# Power door locks not working



## Ruckle (Aug 26, 2017)

Hello everyone. New member here. 

I have a friend with a 1993 base Maxima with digital touch entry system that is having power door lock issues. As it is now, the lock/unlock function does not work from the driver side armrest main switch or either front door keypad. This problem had been intermittent within the last year but is now permanent. There appears to be power to the keypads since they light up and beep when buttons are pressed. We can hear some sort of muffled click coming from behind the instrument cluster when pressing "lock" or "unlock" at the armrest switch. Thinking this sound may be coming from the door lock timer? The lock knob switches also seem to be working as we can hear the same sound in the dash when a lock knob is pushed down (locked). The trunk unlock button does operate normally from the armrest switch but not from the keypad.

It seems like everything has power but the signal is not getting to the door lock actuators. I have a wiring diagram but most of it is Greek to me and there doesn't appear to be a dedicated fuse for the door locks as shown in the diagram, so I am unsure it is for this car. In the years prior to this, closing the driver door too hard caused the doors to lock. Not sure if this is related in any way but thought it should be mentioned.
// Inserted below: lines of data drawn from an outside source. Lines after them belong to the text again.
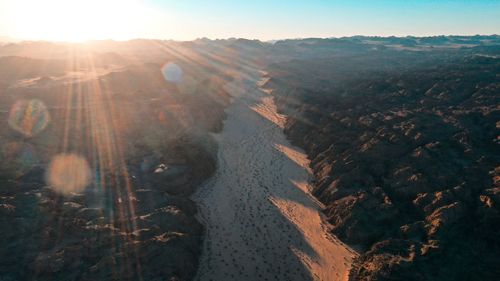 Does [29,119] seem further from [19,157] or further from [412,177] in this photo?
[412,177]

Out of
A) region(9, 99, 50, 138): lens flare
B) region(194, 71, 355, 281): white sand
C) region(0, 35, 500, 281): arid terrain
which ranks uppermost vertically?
region(9, 99, 50, 138): lens flare

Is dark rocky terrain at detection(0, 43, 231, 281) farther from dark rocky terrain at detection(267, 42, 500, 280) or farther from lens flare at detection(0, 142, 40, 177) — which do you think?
dark rocky terrain at detection(267, 42, 500, 280)

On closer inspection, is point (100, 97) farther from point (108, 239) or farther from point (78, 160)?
point (108, 239)

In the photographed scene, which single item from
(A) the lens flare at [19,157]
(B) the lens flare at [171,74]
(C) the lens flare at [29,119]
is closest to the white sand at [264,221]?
(A) the lens flare at [19,157]

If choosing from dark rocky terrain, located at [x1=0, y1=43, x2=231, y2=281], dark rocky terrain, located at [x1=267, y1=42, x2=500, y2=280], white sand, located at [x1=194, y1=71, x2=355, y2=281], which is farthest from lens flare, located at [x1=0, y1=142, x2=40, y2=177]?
dark rocky terrain, located at [x1=267, y1=42, x2=500, y2=280]

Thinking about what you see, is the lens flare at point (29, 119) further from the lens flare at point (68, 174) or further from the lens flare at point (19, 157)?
the lens flare at point (68, 174)

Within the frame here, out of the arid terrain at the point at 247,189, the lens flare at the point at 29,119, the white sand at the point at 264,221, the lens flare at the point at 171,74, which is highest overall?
the lens flare at the point at 171,74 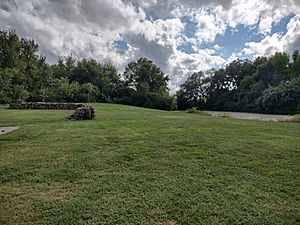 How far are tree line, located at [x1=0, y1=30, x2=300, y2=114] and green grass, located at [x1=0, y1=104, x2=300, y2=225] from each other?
67.9 ft

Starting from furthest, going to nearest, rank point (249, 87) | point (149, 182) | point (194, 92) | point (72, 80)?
1. point (194, 92)
2. point (249, 87)
3. point (72, 80)
4. point (149, 182)

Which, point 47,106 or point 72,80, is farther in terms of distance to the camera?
point 72,80

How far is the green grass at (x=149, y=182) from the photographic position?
2.61 metres

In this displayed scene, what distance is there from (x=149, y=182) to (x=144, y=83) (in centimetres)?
3504

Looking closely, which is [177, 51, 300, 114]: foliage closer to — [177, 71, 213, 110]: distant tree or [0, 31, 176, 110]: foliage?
[177, 71, 213, 110]: distant tree

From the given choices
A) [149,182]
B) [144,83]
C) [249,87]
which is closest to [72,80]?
[144,83]

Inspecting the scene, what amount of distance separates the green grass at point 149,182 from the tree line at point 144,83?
67.9 feet

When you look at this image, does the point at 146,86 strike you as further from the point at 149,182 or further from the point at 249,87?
the point at 149,182

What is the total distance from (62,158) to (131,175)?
4.89 feet

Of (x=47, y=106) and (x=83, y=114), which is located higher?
(x=83, y=114)

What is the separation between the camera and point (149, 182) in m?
3.43

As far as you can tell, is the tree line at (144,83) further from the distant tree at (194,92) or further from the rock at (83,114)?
the rock at (83,114)

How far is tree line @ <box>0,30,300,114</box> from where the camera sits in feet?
92.6

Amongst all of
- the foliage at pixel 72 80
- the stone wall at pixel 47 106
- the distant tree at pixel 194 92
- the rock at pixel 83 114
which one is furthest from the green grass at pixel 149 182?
the distant tree at pixel 194 92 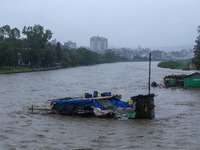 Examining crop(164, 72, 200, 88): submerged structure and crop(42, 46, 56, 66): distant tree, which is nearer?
crop(164, 72, 200, 88): submerged structure

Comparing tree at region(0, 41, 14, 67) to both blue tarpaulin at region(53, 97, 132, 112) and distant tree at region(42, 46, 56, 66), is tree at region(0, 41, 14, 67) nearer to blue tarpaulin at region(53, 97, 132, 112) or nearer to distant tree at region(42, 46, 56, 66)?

I cannot tell from the wiring diagram if there is a central connection or device that the inputs from both keypads and and the main switch must go through to power the lock actuators. I have no technical explanation of how the system works to know where to look for the problem. Was hoping perhaps there was a body ground that might be at fault but do not know where that would be. It's an Iowa car so it has some rust issues but this is the first electrical problem of this type. Everything else; windows, mirrors, sunroof, lights, cruise, etc. work as they always have. For now, we are locking the doors manually and having to use the key to unlock and she is really missing the keypad entry feature. Appreciate any help or advice. Thanks.


----------